Edit: Should add that this is fully statement-based replication.

Where are the slave relay logs placed on the machines?
Are they placed on the same volume as the innodb table space?

I can’t say why you are having higher InnoDB_Buffer_Pool_Write_Requests on the “slave”

But the IO load could be higher on the “slave” than the “master” since the “master” only have to:
And write data to binary log file
Write data to InnoDB

While the slave will need to:
Write the data to the relay log file. (IO_THREAD fetches from master)
Read the data from the relay log file. (SQL_THREAD reads statements)
Write it to InnoDB. (SQL_THREAD executes statements)

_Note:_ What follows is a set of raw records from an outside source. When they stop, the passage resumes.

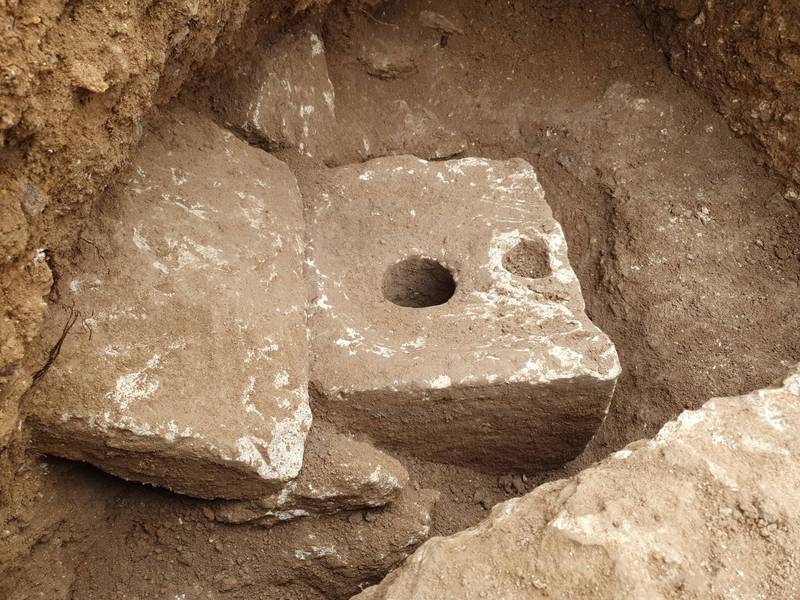以色列考古學家在耶路撒冷舊城區，發現一具2700年前的有錢人家的馬桶。（美聯社）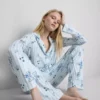 Disneyn Stitch-raidalliset boyfriend-pyjamat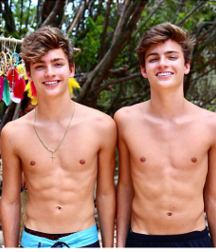 Teens on beach série 1 NN 5e554d7962fce.png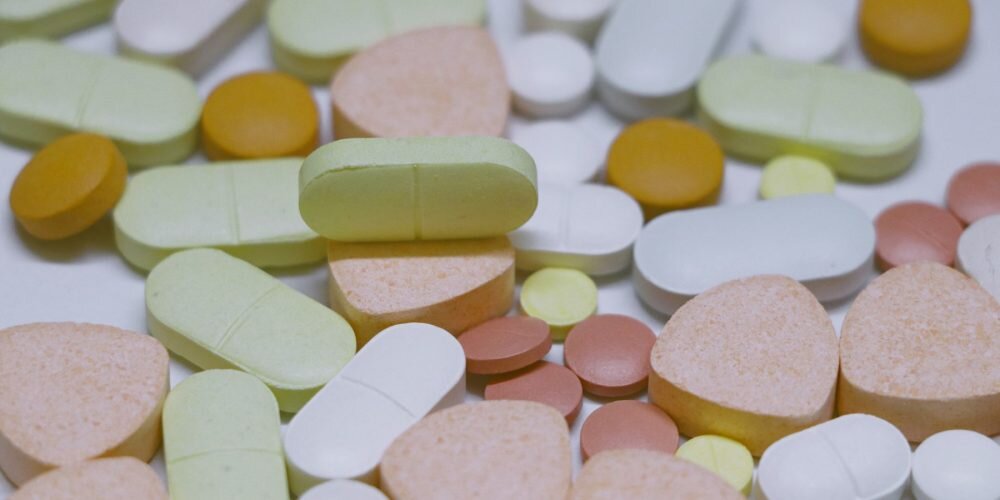 Среди десяти исключаемых из ГРЛС препаратов, шесть производятся на заводе компании ВЕРОФАРМ в городе Белгороде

So in total you might get more IO happening on the “slave” than the “master”.
But I don’t know how that can be translated to the InnoDB writes since I think they should be the same for the two servers.

Hope you find an answer and can post it here for us to learn. :slight_smile:

The binary and relay logs are (unfortunately) on the same filesystem, however as the servers are multi-master the difference between each server shouldn’t be quite as stark as I’m observing. Also, the IO discrepancy is easily accounted for by the different InnoDB_Buffer_Pool_Write_Requests – which as you said should not be different between both servers.

I’m trying to organise a few hours of strict 50/50 load balancing, rather than the current dynamic setup. Hopefully that will prove if the difference is related to the frontend load or not.

L.